В 1597 г. при царе Федоре власти издали указ о возврате старым владельцам всех крестьян, бежавших от них в период после 1592/93(7101) г.{506} Рубеж, обозначенный в этом первом развернутом законодательном акте о крепостных, был принят за исходный пункт также и в уложении царя Василия Шуйского.
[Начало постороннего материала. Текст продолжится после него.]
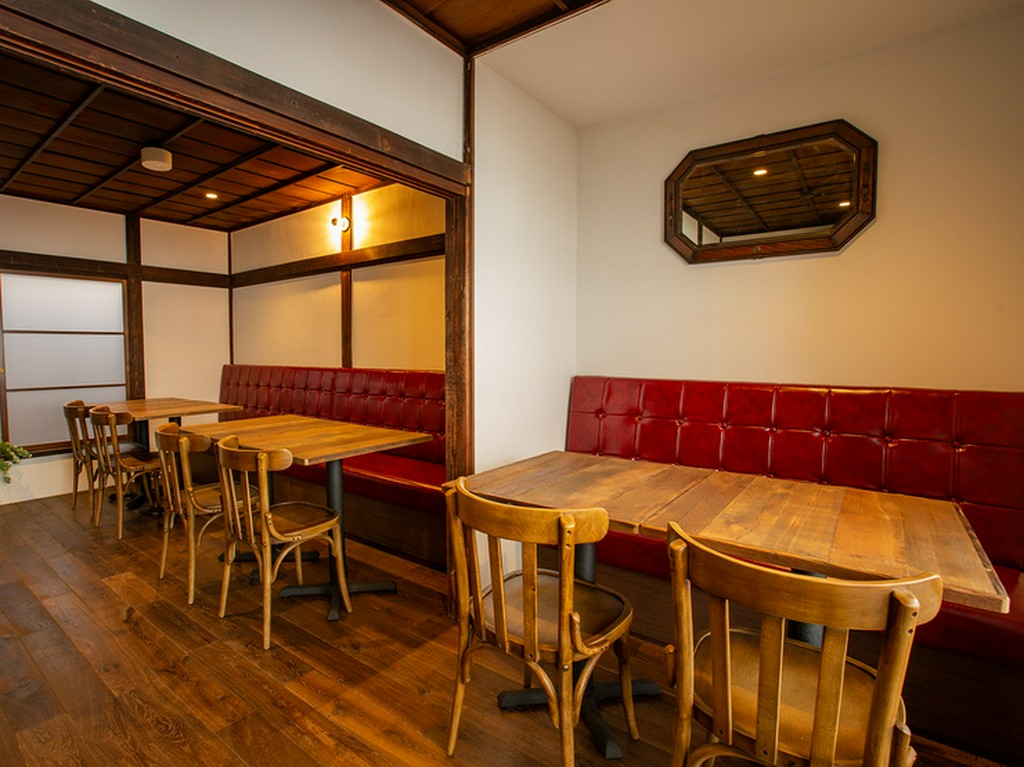 レトロなムードと赤いソファーが絶妙にマッチ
В годы трехлетнего голода масса беглых крестьян хлынула из старых уездов с развитым поместным землевладением на южные окраины государства. Такая ситуация была выгодна южным помещикам, выступившим в поддержку Лжедмитрия. Сделав некоторые оговорки, самозванец санкционировал сложившееся положение, закрепив беглых крестьян за новыми владельцами. В южных уездах эти меры безусловно отвечали интересам мелких землевладельцев. Столкнувшись с восстанием на южных окраинах, царь Василий аннулировал указ Лжедмитрия и выставил себя защитником прав всех дворян, лишившихся своих крепостных. Все феодалы, которые могли подтвердить владельческие права ссылкой на последнее общегосударственное описание, получили право свозить беглых «с женами, и з детми, и со всеми их животы». Новые владельцы должны были вернуть чужих крестьян в течение полугода. Нарушение срока каралось штрафом «за приим» (10 р. «на царя государя») и «за пожилое» (за крестьянина на год «по три рубли»). Функции розыска беглых впервые были возложены на уездные власти, в обязанность которых вменялось проведывать о новоприходцах по всему уезду.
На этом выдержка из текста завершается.